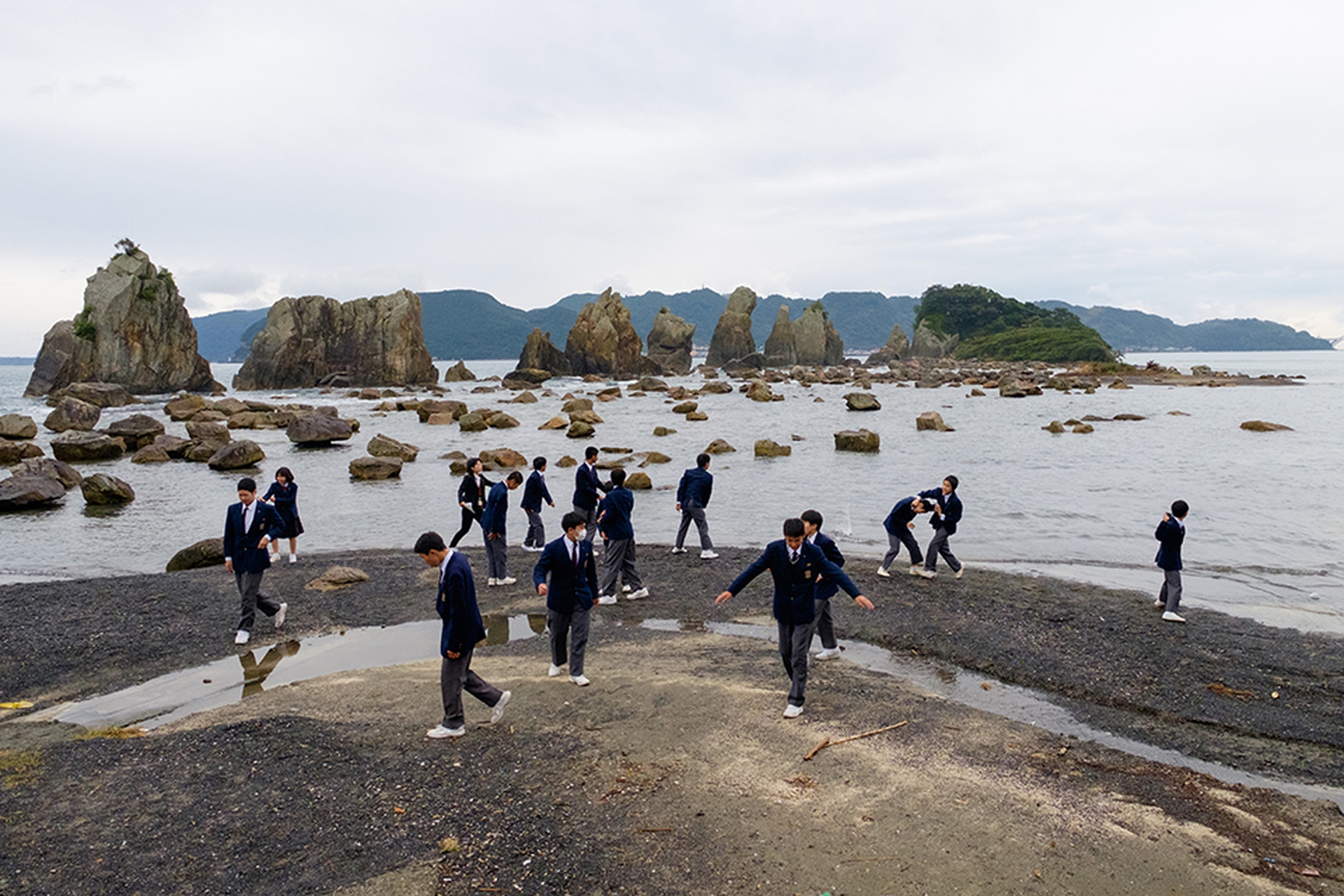 Lance_Henderstein_Wakayama_Class_Photo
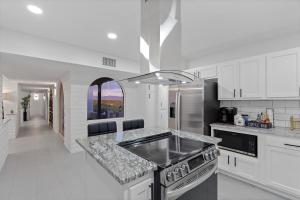 Family Friendly Modern Foothills Pool Sleeps12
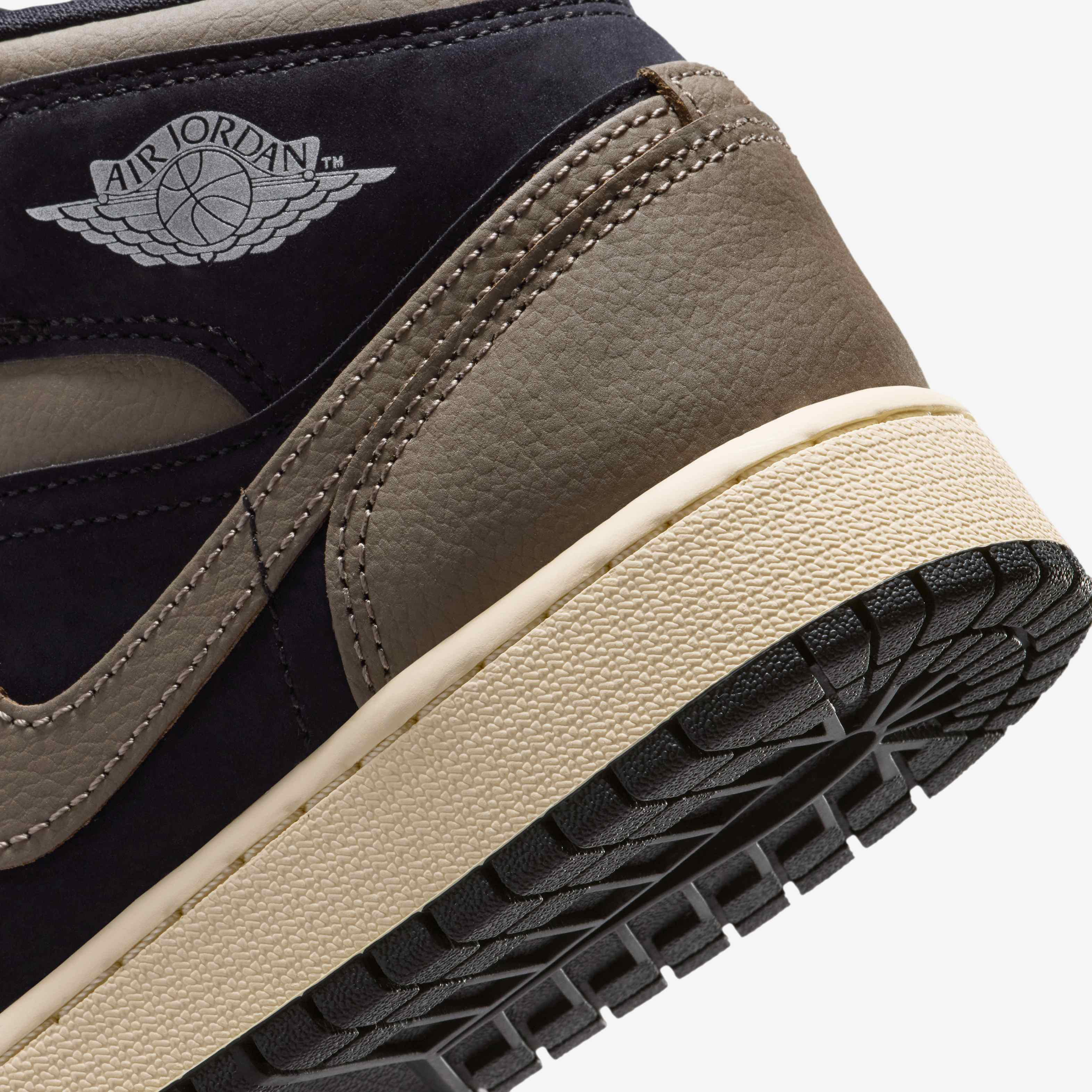 Air Jordan 1 Mid SE image number 7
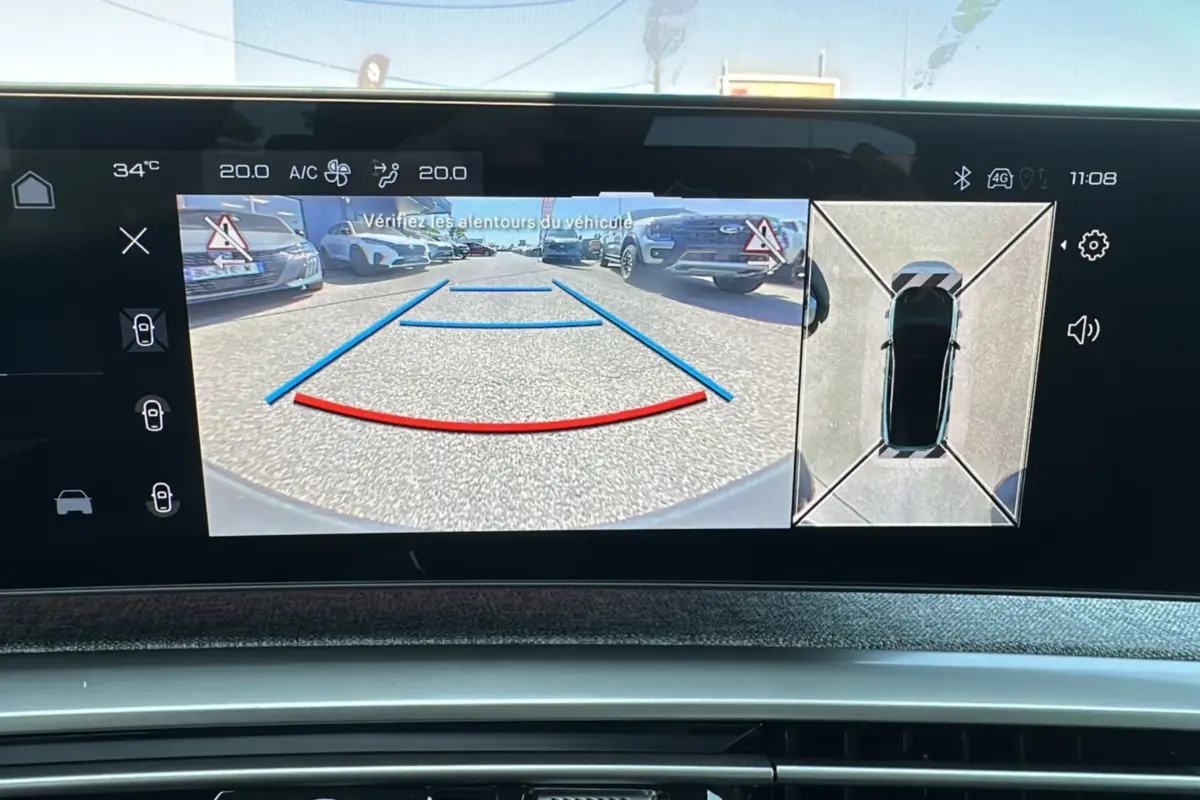 Affichage de la caméra de recul et vue 360° sur l'écran du tableau de bord du Peugeot 3008 Hybrid 145 GT Alcantara 2025.
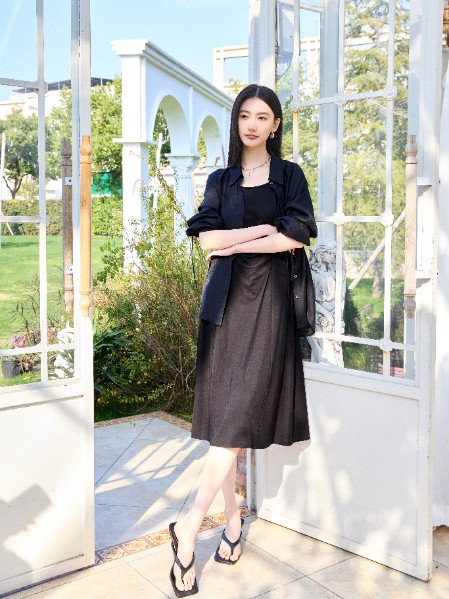 婕依妮女装品牌最新产品展示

* [What is being asked]
Without the pictures, give every line above again exactly.

* [Response]
 Lance_Henderstein_Wakayama_Class_Photo
 Family Friendly Modern Foothills Pool Sleeps12
 Air Jordan 1 Mid SE image number 7
 Affichage de la caméra de recul et vue 360° sur l'écran du tableau de bord du Peugeot 3008 Hybrid 145 GT Alcantara 2025.
 婕依妮女装品牌最新产品展示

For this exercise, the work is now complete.